Data for review.
=== Begin Enclosure ===

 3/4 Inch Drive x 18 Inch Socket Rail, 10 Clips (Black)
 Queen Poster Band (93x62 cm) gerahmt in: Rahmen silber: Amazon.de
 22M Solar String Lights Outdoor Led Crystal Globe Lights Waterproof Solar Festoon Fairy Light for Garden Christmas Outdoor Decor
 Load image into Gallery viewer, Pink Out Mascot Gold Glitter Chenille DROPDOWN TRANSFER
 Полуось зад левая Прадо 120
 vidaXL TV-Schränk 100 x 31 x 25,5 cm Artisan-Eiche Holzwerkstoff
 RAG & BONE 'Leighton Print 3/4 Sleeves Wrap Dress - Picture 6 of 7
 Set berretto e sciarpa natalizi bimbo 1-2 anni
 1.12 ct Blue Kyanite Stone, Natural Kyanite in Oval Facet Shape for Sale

=== End Enclosure ===

Exercise brief.
Output, exactly and in full, the lines from the start of the entries above through the line that contains "22M Solar String".

Answer area.
 3/4 Inch Drive x 18 Inch Socket Rail, 10 Clips (Black)
 Queen Poster Band (93x62 cm) gerahmt in: Rahmen silber: Amazon.de
 22M Solar String Lights Outdoor Led Crystal Globe Lights Waterproof Solar Festoon Fairy Light for Garden Christmas Outdoor Decor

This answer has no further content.